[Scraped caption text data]
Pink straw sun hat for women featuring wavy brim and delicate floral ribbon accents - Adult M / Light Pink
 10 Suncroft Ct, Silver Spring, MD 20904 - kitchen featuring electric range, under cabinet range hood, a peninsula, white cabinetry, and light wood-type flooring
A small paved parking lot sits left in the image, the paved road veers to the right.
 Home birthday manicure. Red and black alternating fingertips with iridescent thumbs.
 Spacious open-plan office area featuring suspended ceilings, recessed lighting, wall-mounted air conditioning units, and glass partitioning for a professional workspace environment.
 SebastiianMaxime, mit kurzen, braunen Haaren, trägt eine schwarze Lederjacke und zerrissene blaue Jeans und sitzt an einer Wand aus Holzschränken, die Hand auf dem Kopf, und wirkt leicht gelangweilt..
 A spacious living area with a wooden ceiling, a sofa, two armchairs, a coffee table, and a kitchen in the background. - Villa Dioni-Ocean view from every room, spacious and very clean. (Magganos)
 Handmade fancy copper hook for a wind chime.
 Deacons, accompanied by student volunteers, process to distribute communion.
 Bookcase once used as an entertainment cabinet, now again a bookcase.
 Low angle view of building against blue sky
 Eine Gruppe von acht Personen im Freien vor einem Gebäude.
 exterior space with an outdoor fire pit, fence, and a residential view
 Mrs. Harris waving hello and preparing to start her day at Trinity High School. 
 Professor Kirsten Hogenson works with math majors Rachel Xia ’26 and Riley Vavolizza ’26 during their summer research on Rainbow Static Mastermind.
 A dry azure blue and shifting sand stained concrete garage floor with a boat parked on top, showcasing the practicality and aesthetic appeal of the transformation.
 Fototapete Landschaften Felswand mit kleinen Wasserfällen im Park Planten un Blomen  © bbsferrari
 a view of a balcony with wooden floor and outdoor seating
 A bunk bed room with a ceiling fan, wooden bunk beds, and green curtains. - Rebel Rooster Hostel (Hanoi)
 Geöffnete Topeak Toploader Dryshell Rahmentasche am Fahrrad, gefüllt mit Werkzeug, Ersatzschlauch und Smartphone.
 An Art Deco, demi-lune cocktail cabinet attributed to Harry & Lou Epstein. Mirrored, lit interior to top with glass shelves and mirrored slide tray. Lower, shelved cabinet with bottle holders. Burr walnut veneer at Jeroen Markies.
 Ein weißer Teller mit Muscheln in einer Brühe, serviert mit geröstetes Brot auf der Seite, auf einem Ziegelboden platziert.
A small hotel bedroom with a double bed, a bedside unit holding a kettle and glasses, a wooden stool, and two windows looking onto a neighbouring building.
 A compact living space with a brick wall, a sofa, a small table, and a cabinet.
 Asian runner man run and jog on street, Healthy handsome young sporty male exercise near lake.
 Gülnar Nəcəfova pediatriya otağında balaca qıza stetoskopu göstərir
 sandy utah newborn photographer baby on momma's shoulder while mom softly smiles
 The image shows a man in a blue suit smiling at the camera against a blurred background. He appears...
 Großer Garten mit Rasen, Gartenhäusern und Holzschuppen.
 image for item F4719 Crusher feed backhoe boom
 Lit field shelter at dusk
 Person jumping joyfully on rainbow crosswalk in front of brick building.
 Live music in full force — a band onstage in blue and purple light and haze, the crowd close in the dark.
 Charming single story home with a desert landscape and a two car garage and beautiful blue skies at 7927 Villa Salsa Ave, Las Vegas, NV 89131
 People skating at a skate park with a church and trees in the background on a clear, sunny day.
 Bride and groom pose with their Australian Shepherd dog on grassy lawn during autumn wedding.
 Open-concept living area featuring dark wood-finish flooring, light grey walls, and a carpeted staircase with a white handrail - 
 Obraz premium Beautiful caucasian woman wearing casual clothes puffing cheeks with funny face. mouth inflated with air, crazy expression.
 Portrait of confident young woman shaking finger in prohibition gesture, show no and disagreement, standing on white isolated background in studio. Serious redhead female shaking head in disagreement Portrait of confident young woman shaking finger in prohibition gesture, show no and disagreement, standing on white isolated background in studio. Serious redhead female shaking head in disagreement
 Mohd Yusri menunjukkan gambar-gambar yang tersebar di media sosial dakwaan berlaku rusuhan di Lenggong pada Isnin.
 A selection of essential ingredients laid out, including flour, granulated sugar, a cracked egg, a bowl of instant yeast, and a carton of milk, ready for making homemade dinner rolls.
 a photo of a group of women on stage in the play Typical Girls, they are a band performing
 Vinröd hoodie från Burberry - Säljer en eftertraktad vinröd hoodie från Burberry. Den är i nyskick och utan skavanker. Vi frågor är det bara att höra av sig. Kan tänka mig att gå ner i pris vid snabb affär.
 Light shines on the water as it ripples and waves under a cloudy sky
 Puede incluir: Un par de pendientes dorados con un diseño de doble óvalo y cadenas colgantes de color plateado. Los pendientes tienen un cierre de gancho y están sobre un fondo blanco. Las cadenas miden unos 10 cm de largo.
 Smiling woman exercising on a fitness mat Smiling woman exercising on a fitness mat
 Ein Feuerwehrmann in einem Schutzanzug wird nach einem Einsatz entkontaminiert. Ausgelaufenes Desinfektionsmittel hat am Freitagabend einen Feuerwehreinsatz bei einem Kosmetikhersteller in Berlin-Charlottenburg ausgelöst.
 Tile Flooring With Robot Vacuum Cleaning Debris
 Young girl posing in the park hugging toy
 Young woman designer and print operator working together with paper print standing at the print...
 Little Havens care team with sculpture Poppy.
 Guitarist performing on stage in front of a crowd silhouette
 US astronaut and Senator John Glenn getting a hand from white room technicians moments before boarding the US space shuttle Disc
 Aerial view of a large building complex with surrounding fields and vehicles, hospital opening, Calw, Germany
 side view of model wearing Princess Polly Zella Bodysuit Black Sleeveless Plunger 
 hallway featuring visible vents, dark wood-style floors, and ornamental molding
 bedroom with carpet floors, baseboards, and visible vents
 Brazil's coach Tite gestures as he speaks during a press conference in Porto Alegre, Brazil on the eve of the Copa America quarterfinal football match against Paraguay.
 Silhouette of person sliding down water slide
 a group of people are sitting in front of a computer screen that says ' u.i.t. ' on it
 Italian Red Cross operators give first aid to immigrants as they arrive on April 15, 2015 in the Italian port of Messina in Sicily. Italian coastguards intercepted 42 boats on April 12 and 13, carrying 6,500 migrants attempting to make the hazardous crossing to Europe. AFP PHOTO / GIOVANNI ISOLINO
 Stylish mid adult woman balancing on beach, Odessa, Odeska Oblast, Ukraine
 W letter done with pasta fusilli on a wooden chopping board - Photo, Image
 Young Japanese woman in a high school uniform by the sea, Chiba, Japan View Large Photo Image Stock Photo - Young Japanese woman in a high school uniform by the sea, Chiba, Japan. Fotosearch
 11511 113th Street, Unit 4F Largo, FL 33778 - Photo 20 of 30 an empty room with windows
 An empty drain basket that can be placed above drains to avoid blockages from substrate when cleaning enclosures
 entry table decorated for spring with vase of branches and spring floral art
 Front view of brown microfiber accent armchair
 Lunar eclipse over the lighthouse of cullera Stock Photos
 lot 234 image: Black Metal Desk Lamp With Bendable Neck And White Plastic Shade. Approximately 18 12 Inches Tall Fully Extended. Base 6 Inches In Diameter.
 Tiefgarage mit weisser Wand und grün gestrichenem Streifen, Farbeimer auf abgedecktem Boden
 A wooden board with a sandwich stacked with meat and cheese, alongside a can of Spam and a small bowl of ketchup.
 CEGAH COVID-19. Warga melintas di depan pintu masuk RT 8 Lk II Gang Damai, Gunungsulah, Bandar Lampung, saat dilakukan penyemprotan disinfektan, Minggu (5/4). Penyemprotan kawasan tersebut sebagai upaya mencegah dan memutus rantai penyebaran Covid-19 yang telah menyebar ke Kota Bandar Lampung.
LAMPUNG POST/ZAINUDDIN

▶ **DIRECTIONS FOR THIS TASK**: Whenever a line in the records contains the word "group", copy that line.

▶ **SOLUTION TO THE EXERCISE**:
 a photo of a group of women on stage in the play Typical Girls, they are a band performing
 a group of people are sitting in front of a computer screen that says ' u.i.t. ' on it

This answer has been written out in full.